BURT WOLF: There's an indoor swimming pool, with whirlpool, sauna and steam rooms, and the wall painting around the pool gives you the feeling that you were off in the tropics. The cocktail lounge, just off the lobby, is the main hangout for the after ski crowd. The bistro has a sun terrace that faces the mountains. Romeo and Julia is the name of their top restaurant, which specializes in Italian food. I particularly like the giant breakfast buffet. The best way to start the day.
BURT WOLF ON CAMERA: Each year, the world economic forum is held here in Davos, and the Belvedere fills up with big names from the world of business and finance. Often a corporate group will show up, and try to build a sense of team spirit.
BURT WOLF: To help, the Belvedere will organize a team rope climb from the roof. We considered it, but decided we could achieve almost the same results by sharing the fondue.
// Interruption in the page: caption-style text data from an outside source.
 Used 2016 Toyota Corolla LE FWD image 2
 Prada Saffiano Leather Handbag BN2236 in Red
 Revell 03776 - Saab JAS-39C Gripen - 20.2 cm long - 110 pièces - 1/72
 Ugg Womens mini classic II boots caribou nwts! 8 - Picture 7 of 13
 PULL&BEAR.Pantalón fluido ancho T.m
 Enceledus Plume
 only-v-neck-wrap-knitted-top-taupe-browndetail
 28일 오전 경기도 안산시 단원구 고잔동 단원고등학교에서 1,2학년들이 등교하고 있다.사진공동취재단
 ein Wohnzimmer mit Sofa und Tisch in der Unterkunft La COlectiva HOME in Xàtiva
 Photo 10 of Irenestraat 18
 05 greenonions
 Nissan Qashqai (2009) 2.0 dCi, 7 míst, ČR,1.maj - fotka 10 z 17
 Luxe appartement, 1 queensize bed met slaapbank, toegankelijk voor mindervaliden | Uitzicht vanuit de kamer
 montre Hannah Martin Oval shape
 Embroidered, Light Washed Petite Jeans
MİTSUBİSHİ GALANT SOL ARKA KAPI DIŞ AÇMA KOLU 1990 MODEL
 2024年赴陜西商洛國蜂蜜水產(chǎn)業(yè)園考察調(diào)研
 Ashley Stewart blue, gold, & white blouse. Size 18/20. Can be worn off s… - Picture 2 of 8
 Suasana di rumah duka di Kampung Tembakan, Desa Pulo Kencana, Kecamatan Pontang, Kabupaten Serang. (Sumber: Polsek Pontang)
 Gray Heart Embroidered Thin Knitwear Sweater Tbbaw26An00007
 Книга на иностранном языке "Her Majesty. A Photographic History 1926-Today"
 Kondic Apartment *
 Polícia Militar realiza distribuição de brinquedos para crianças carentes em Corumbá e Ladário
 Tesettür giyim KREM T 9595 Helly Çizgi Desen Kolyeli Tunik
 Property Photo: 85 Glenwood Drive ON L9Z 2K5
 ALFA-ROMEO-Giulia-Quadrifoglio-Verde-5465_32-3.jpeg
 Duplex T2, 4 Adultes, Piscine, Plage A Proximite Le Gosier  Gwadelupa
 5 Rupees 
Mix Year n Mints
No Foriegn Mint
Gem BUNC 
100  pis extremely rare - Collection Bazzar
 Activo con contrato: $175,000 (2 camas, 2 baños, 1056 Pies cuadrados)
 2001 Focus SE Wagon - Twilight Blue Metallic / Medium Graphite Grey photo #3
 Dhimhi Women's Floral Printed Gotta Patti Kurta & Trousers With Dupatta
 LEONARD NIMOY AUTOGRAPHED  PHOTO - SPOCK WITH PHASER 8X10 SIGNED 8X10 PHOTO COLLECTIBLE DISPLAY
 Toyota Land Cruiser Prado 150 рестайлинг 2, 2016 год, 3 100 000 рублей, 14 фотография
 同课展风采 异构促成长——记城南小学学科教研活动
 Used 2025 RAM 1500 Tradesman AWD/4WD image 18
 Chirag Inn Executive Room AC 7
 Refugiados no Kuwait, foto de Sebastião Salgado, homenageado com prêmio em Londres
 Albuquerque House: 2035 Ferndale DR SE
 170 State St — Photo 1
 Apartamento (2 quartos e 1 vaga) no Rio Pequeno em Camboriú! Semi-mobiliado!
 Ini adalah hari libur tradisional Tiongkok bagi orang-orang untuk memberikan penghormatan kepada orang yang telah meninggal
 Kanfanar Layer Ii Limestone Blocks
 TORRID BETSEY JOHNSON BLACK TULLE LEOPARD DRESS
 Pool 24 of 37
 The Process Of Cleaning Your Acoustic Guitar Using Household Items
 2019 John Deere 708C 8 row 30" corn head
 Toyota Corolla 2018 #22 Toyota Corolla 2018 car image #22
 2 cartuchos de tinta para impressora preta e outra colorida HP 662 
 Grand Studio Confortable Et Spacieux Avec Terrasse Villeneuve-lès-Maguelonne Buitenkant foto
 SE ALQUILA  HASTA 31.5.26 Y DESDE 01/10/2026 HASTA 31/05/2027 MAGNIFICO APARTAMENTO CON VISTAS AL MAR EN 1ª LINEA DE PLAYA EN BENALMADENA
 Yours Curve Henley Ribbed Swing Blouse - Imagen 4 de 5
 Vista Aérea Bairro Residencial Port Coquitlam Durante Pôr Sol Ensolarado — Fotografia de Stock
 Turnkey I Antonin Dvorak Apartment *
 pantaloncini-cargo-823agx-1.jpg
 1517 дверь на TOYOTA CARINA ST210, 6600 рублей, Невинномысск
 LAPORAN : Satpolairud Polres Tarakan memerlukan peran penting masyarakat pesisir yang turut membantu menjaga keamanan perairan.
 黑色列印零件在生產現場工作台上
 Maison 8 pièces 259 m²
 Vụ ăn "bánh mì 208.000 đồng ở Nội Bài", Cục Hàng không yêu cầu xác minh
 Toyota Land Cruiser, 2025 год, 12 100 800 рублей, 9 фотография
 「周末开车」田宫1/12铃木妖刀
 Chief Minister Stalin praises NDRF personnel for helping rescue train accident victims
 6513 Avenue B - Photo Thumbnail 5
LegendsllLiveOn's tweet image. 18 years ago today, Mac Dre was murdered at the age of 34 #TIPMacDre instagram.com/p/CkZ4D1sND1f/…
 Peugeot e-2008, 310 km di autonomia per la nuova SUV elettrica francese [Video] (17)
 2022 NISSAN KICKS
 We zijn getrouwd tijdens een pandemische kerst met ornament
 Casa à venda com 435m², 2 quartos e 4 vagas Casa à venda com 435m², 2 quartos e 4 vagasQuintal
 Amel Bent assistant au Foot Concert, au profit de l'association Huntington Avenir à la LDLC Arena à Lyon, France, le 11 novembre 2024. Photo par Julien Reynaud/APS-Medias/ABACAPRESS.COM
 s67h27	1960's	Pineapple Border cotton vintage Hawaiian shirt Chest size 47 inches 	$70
And the place we shared it was the Restaurant Gentiana. It's small and informal, and the food is excellent. They have a selection of different fondues but we thought a cooperative team sense would best be engendered by the classic cheese.
The Swiss have a great respect for the classic and traditional aspects of their culture, and spend a great deal of time and effort preserving them. A perfect example is the Swiss National Park. For centuries, the mountain ranges of Graubuenden were subject to constant mining, deforestation, over grazing, and over hunting.
In 1914, the Swiss federal government established the Swiss National Park, to put an end to those abuses, and to save the land for future generations.
The park's founding fathers were mostly scientists, who wanted the area to run its natural course and to study its evolution. Today its 65 square miles are tightly controlled and protected. Twenty-three lakes, rare plants and animals, and untouched forests offer visitors a look at Switzerland's most natural natural beauty.